NBC’s core production efforts are in ND7 while NEP Supershooter 8 and ND5 are on hand in a support role. BSI handles RF systems for NBC, Sky, and the world feed and Fletcher is providing robotics. There is plenty of opportunity for resource sharing with NBC Sports, SKY Sports and European Tour Productions. For example, course coverage is handled by 63 cameras, including three Inertia Xmo super slo-mos. The camera resources are passed into NEP ESU and made available to each of the entities on site.

In addition to the FlyCam there is also a camera in a plane, a live drone, and a SteadiCam. Four miles of fiber in the compound and 57 miles across the course keeps all facilities connected.

Over the years, TopTracer has become a big part of golf production, making it possible for viewers at home to keep track of ball flight. NBC has deployed it heavily for the Ryder Cup.

Hawkeye servers provide an extra level of redundancy to ensure that shots aren’t missed. Two operators are working remotely from Oklahoma while a third operator is on site at Whistling Straits.

“Two of them are working on the main show and one with the featured match,” he says.

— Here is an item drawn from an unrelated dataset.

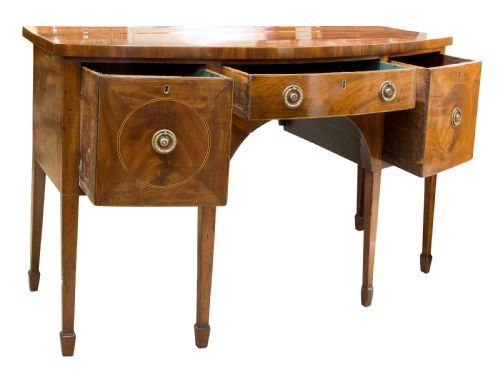 GEORGE III MAHOGANY AND INLAID SIDEBOARD - ADDITIONAL PHOTO 1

Another technology being used is Whoop. Certain players are wearing the Whoop wristband that provides heart rate. NBC is dropping in a graphic on the first tee that displays the players heart rate in real time as they step to the tee which is, arguably, one of the most heart racing tee shots in golf.

“It’s amazing to have those metrics that Tommy Roy and his team are pushing and making that vision a reality,” says Ken Goss, NBC Sports, EVP, Studio and Remote Operations and Production Planning.

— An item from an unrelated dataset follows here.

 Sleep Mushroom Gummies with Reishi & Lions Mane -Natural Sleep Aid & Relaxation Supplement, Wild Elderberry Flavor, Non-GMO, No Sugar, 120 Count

Pinpoint wind speed and direction display is also a big part of the show (handled out of the Sky Studios in the UK) as are augmented reality graphics (handled out of New Zealand) and an editor in Ireland is also working on the show.

The Ryder Cup caps off an exceptional year of major golf event productions as NBC tackled not only the Ryder Cup but also the Players Championship, the Open Championship, and the Olympics golf events.

(l-to-r) Mark Caputo, Bridget Cugle, Allison McAllister, Kate Stefko, and Kristen Moorby are making sure NBC Sports Ryder Cup operations and facilities run smoothly.

“We’re running on adrenaline and the big events like this help with that,” says Kate Stefko, NBC Sports, Director, Golf Operations. “And this year there has always been another big event to look forward to as you finish the Olympics and then we go into the Solheim Cup and now onto the Ryder Cup. So, the excitement continues.”

Goss credits a team that has tackled a year in golf production unlike any other “Our remote operations teams led by McAllister and Craig Bernstein, NBC Sports VP, Remote Technical Operations and Engineering have done an incredible job and I am really proud of what we accomplished this year and with our partnership with the PGA of America.”

Goss says the NBC golf team has a terrific balance with McAllister creating a new team that includes Bridget Cugle, NBC Sports, Senior Manager, Remote Operations, and Kristen Moorby, NBC Sports, Production Manager.

“Bridget and Kristen are two of the best in handling all the logistics and then we have Marc who oversees all the technical aspects of all and as the new workflows change, he is at the forefront of that,” says Goss. “And Keith Blachly our Senior Technical Manager gets everything in line as NEP has done an exceptional job on this footprint. NEP Broadcast Services Global President Mike Werteen provided leadership perspective while Bryn Shamey, NEP Senior Account Manager, brings all the ideas and paperwork together for our facilities.”